DATASET SECTION:

Segment Open

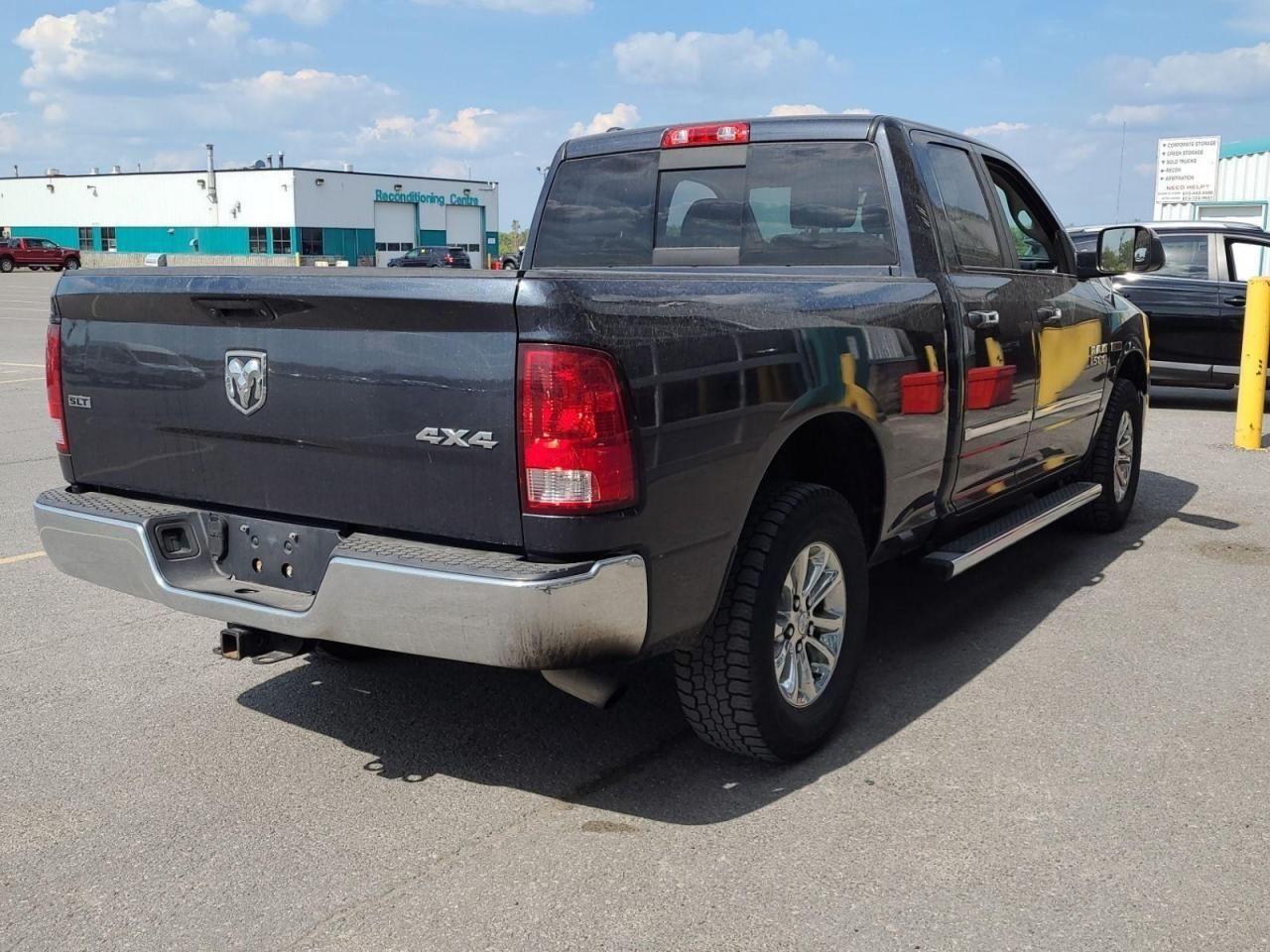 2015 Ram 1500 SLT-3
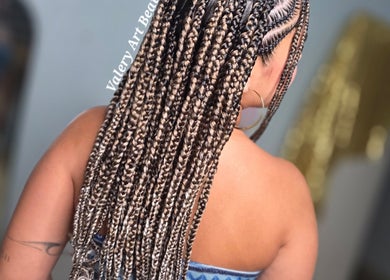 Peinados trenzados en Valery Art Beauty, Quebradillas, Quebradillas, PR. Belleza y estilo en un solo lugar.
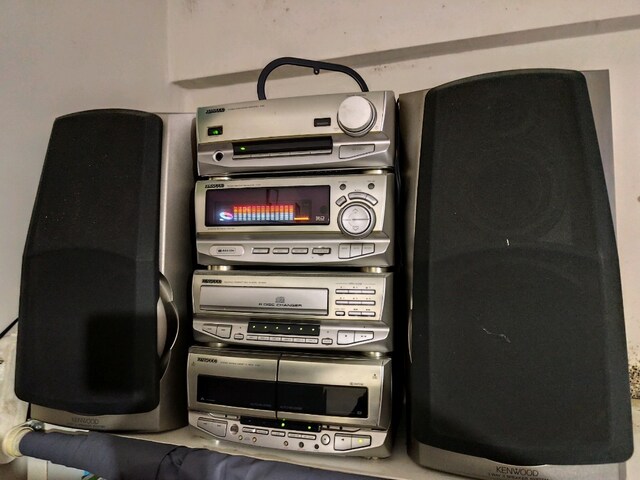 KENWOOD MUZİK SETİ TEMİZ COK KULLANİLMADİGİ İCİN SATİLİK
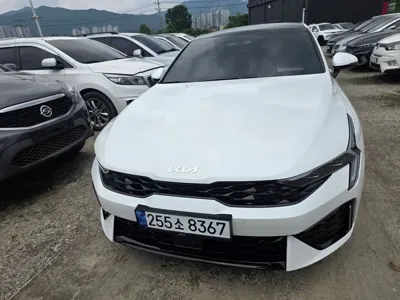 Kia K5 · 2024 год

Segment Closed

Each line of the listing above should be retyped exactly, with no pictures.

ANSWER TO THIS PROBLEM:
 2015 Ram 1500 SLT-3
 Peinados trenzados en Valery Art Beauty, Quebradillas, Quebradillas, PR. Belleza y estilo en un solo lugar.
 KENWOOD MUZİK SETİ TEMİZ COK KULLANİLMADİGİ İCİN SATİLİK
 Kia K5 · 2024 год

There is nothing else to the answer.